What to work on: Please repeat exactly, and only, the lines from the one containing "Live Music Cyber" through the end of the records below, with no pictures.

Pictures with short captions:
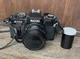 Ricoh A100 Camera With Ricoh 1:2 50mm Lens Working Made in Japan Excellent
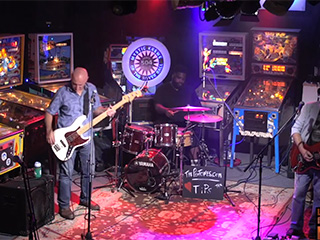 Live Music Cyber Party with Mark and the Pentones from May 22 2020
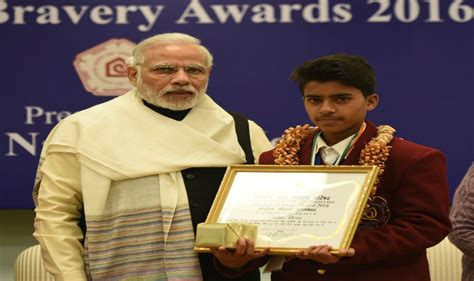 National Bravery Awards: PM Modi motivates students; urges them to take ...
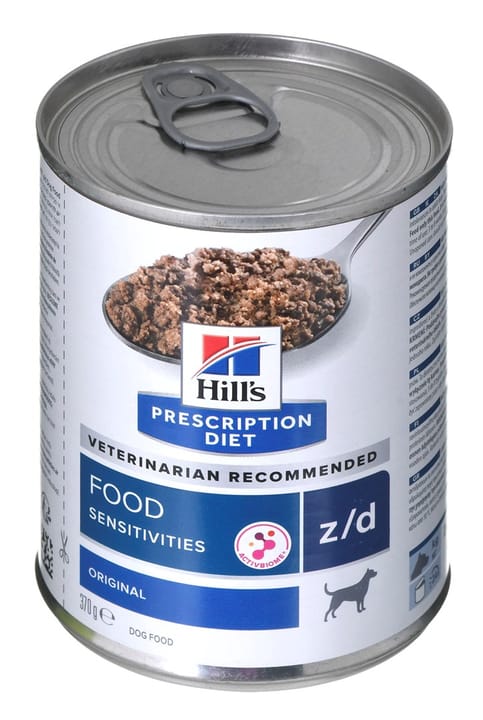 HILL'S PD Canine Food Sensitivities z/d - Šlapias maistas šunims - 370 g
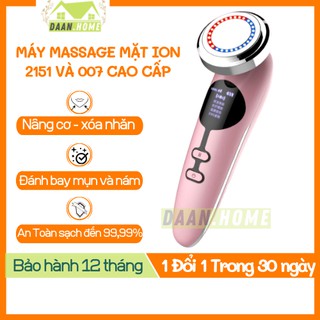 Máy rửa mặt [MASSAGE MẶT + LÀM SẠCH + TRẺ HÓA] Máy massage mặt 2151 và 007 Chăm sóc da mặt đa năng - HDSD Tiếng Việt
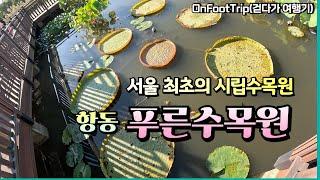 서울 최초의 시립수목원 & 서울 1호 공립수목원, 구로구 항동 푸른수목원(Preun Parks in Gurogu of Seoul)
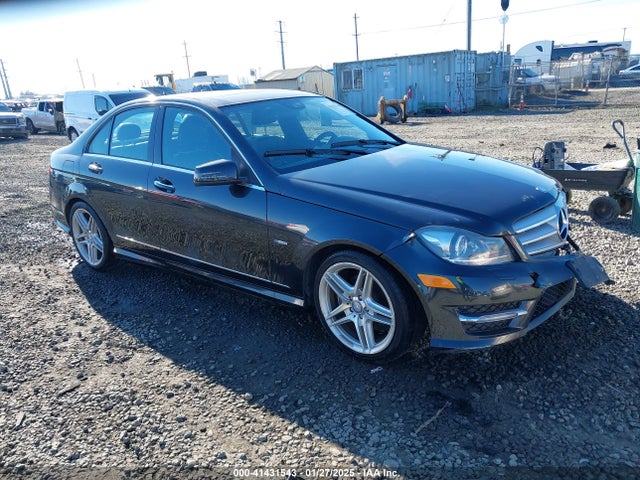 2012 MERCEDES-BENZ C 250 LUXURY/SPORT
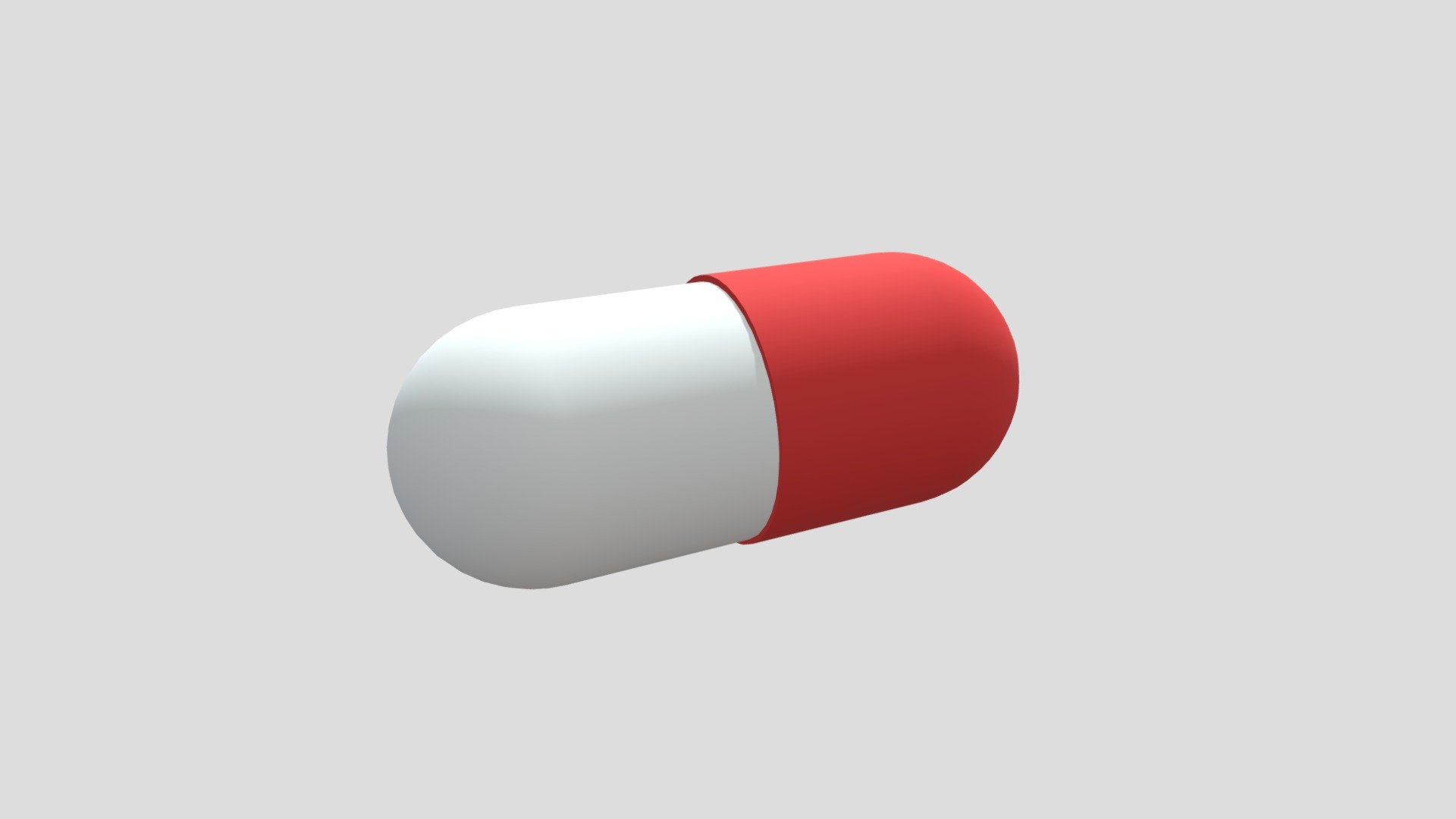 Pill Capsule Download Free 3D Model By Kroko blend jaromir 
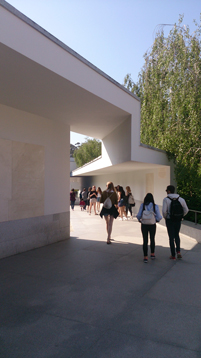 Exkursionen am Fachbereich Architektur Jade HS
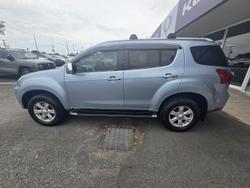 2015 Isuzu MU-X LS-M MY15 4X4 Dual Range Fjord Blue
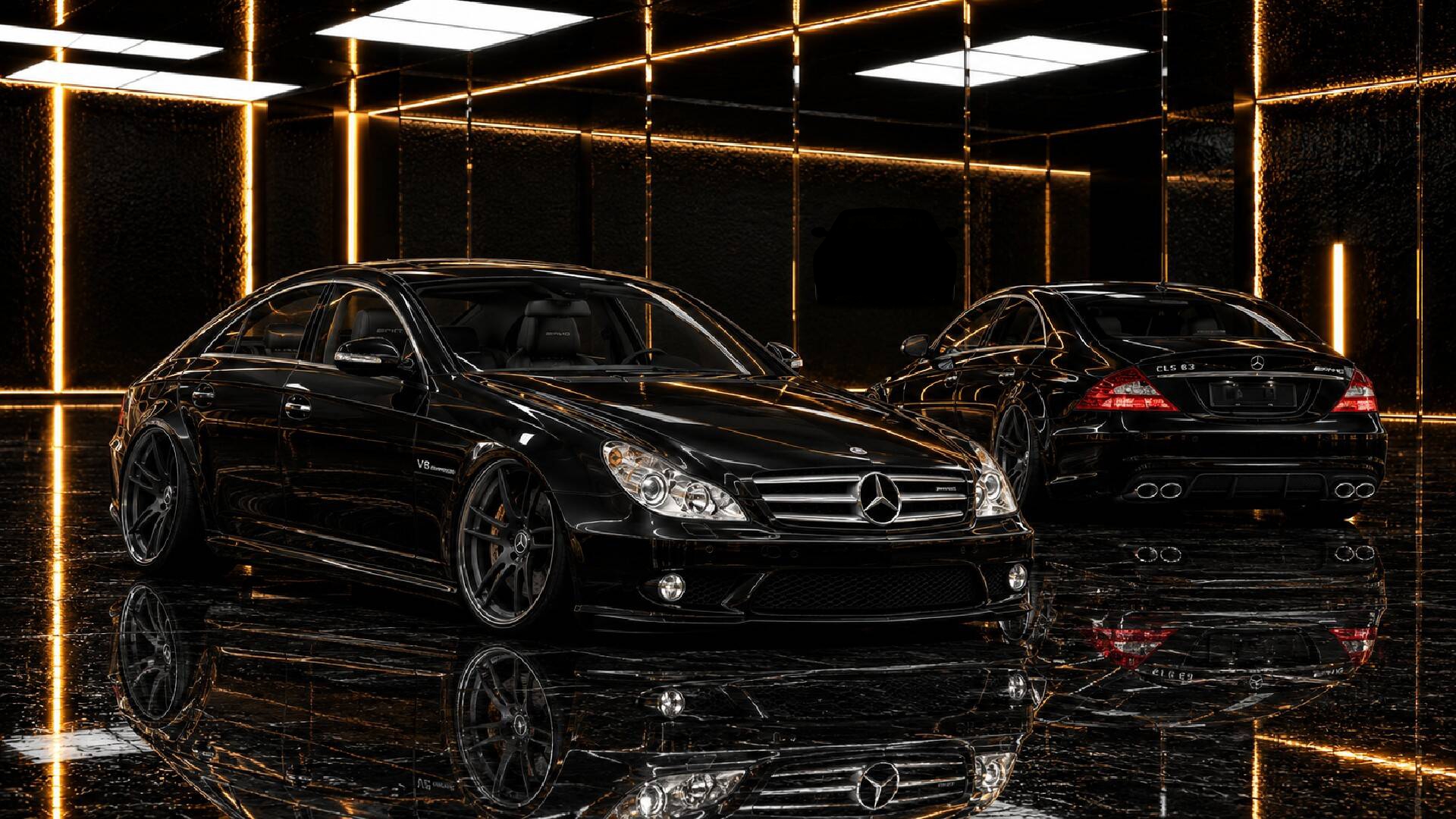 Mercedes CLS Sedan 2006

Expected answer:
 Live Music Cyber Party with Mark and the Pentones from May 22 2020
 National Bravery Awards: PM Modi motivates students; urges them to take ...
 HILL'S PD Canine Food Sensitivities z/d - Šlapias maistas šunims - 370 g
 Máy rửa mặt [MASSAGE MẶT + LÀM SẠCH + TRẺ HÓA] Máy massage mặt 2151 và 007 Chăm sóc da mặt đa năng - HDSD Tiếng Việt
 서울 최초의 시립수목원 & 서울 1호 공립수목원, 구로구 항동 푸른수목원(Preun Parks in Gurogu of Seoul)
 2012 MERCEDES-BENZ C 250 LUXURY/SPORT
 Pill Capsule Download Free 3D Model By Kroko blend jaromir 
 Exkursionen am Fachbereich Architektur Jade HS
 2015 Isuzu MU-X LS-M MY15 4X4 Dual Range Fjord Blue
 Mercedes CLS Sedan 2006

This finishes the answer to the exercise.